» **Work order**: All lines from the one that contains "XC 10A RC Car" through the close of the entries below are to be repeated exactly, without any pictures.

» **Material for this task**:

—————

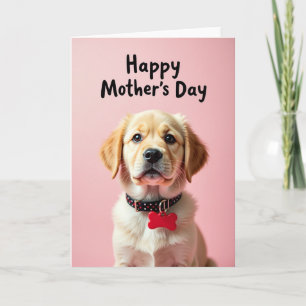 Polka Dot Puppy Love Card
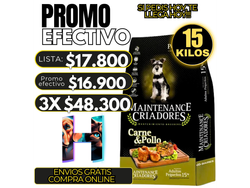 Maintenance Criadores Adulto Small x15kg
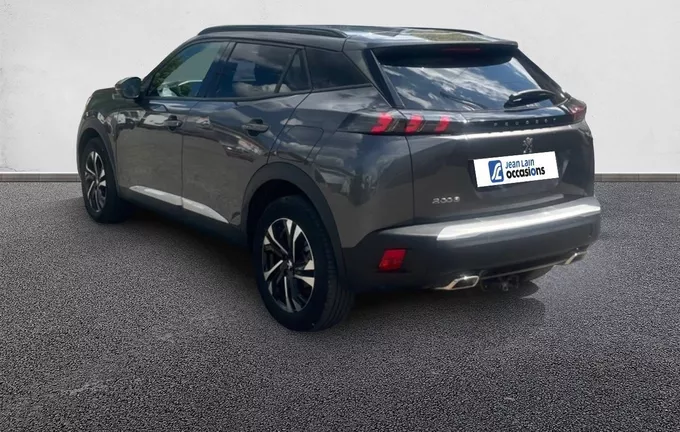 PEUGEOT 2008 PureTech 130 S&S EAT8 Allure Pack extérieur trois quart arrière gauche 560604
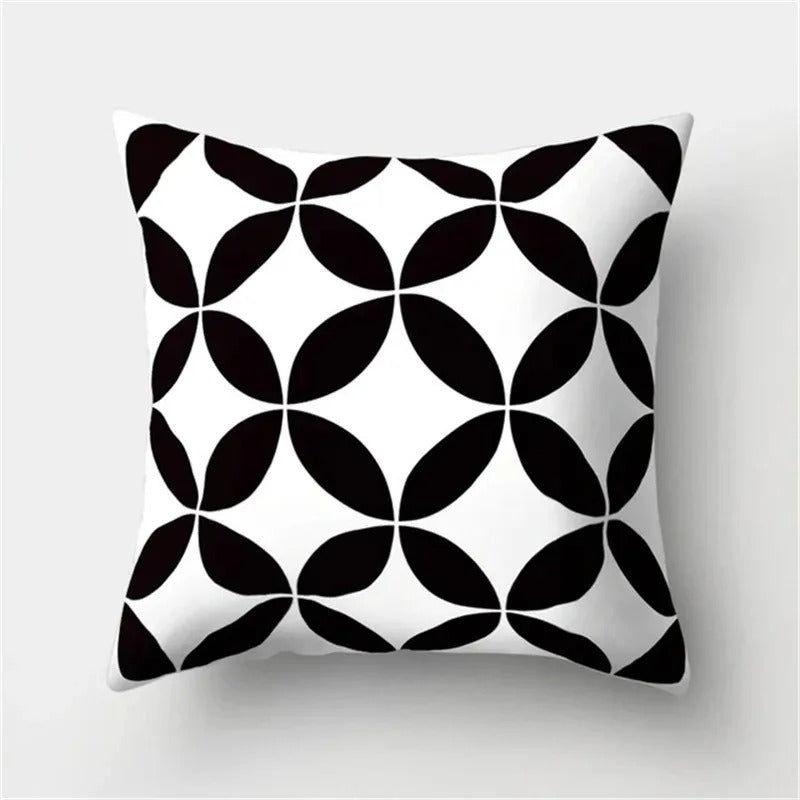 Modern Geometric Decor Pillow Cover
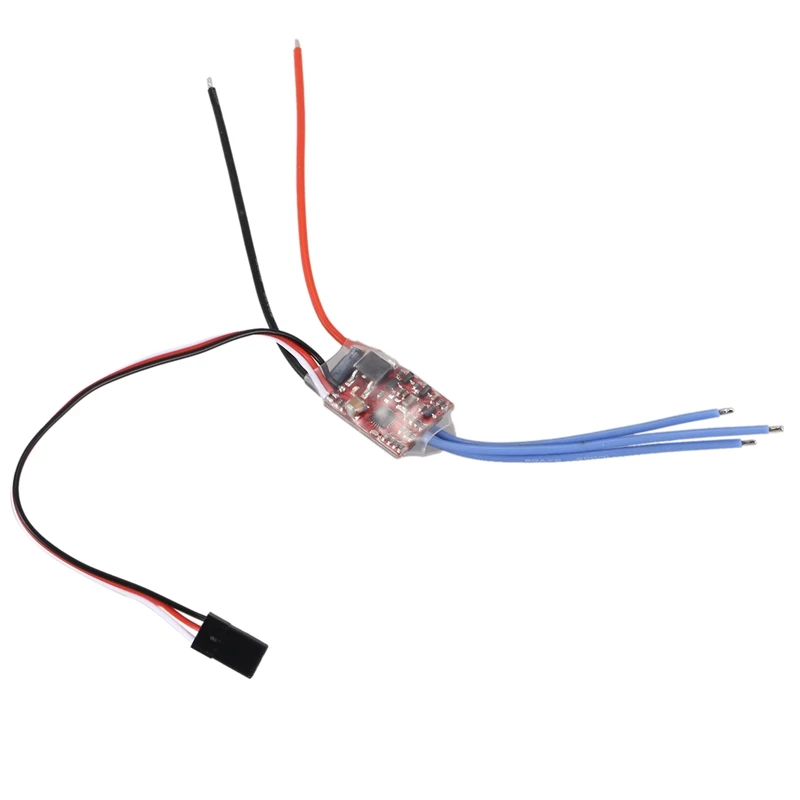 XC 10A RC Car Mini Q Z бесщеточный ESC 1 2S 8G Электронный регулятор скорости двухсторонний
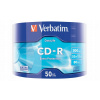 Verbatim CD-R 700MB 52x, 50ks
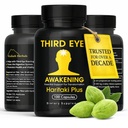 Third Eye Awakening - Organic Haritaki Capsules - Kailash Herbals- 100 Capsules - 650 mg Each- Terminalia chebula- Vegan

—————

» **Final answer**:
 XC 10A RC Car Mini Q Z бесщеточный ESC 1 2S 8G Электронный регулятор скорости двухсторонний
 Verbatim CD-R 700MB 52x, 50ks
 Third Eye Awakening - Organic Haritaki Capsules - Kailash Herbals- 100 Capsules - 650 mg Each- Terminalia chebula- Vegan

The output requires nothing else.